FIG. 2 is another view of a pultruded component with extruded shim foam.

Detailed Description

The present invention meets one or more of the above-described needs by improving compositions and methods described herein. The description and illustrations presented herein are intended to acquaint others skilled in the art with the invention and its principles and practical application. Those skilled in the art may adapt and apply the invention in its numerous forms, as may be required by the particular use contemplated. Accordingly, the particular embodiments of the invention as set forth are not intended to be exhaustive or limiting of the invention.
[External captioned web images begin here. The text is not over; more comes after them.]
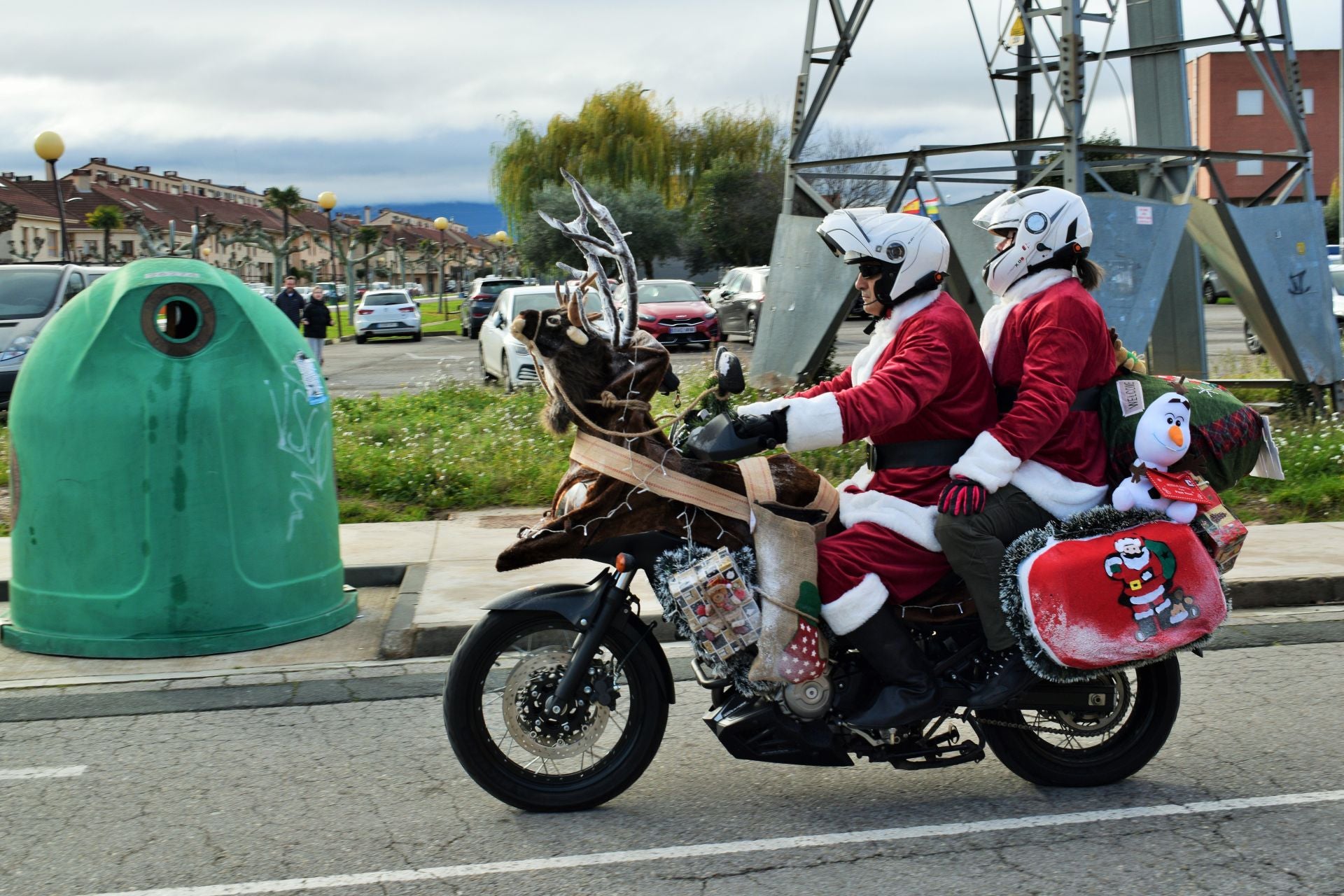 La llegada de Papá Noel en moto a Entre Ríos, en imágenes
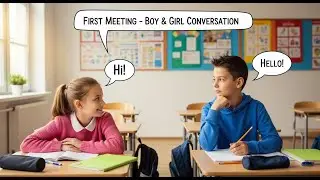 First Meeting &ndash; Boy & Girl Conversation #learnadvancedenglishonline #english #viral #learning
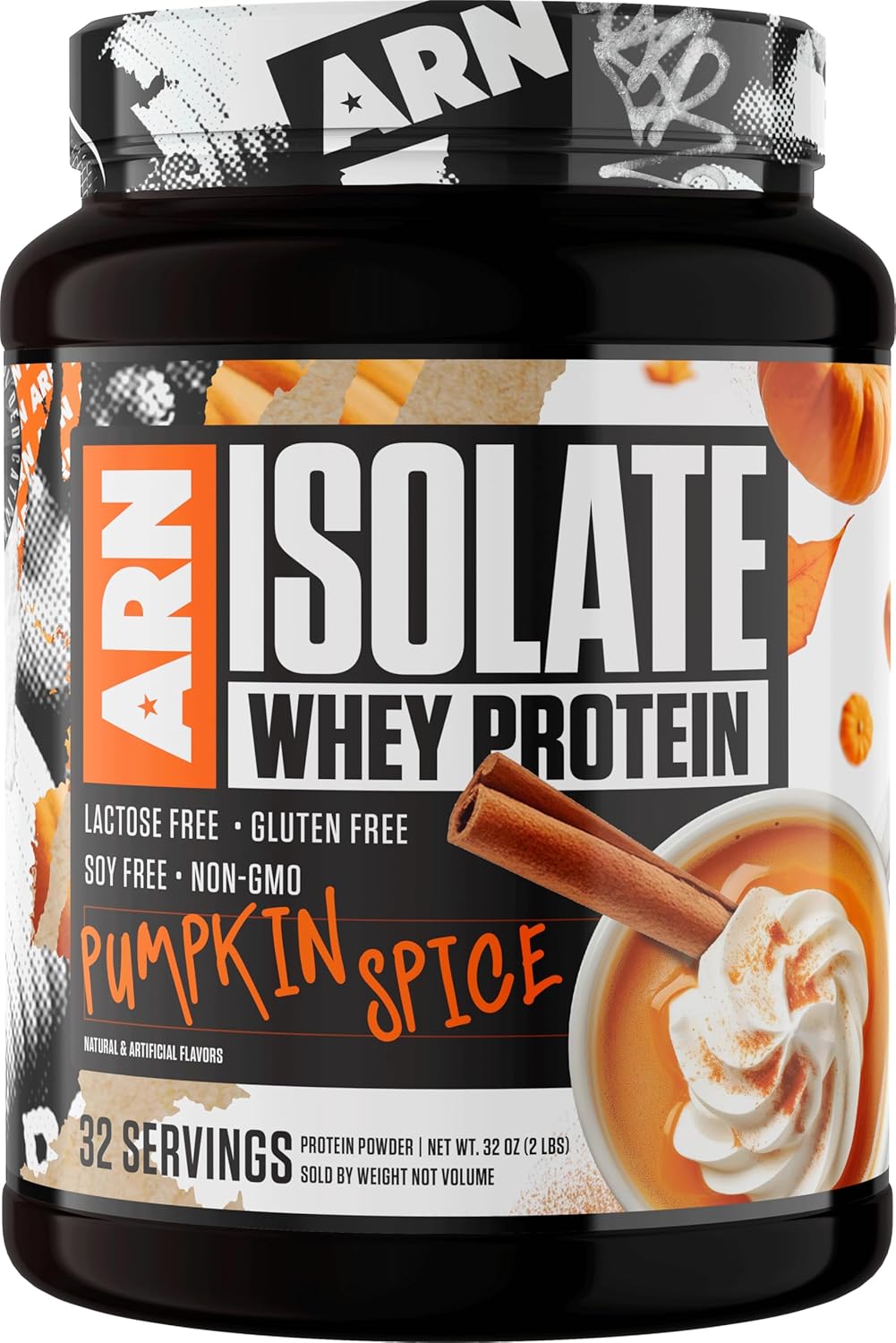 ARN Isolate Whey Protein Powder - Pumpkin Spice Flavor (32 Servings) by Arms Race Nutrition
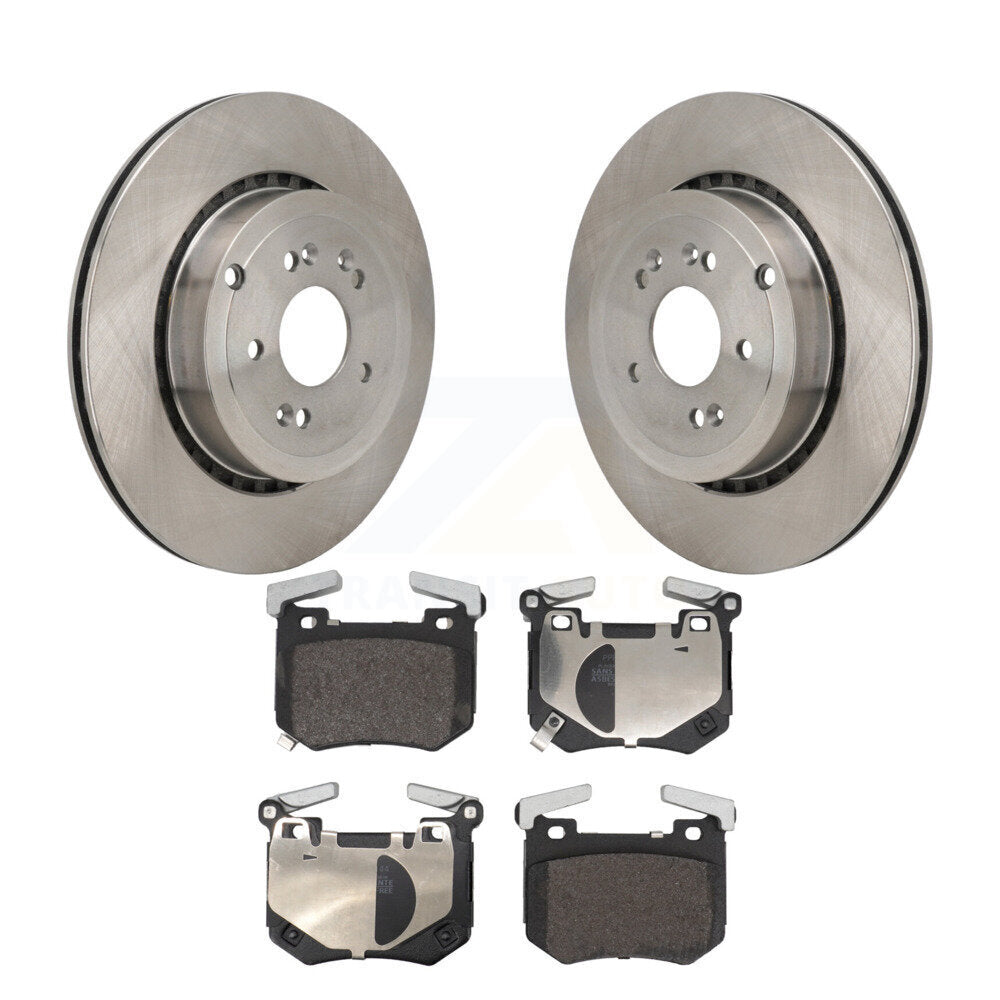 Disc Brake Rotors And Semi-Metallic Pads Rear Kit For Genesis G70 Kia Stinger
The scope of the invention should, therefore, be determined not with reference to the above description, but instead should be determined with reference to the appended claims, along with the full scope of equivalents to which such claims are entitled. The disclosures of all articles and references, including patent applications and publications, are incorporated herein by reference for all purposes. Other combinations are possible, as derived from the following claims, which are also incorporated by reference into this written description.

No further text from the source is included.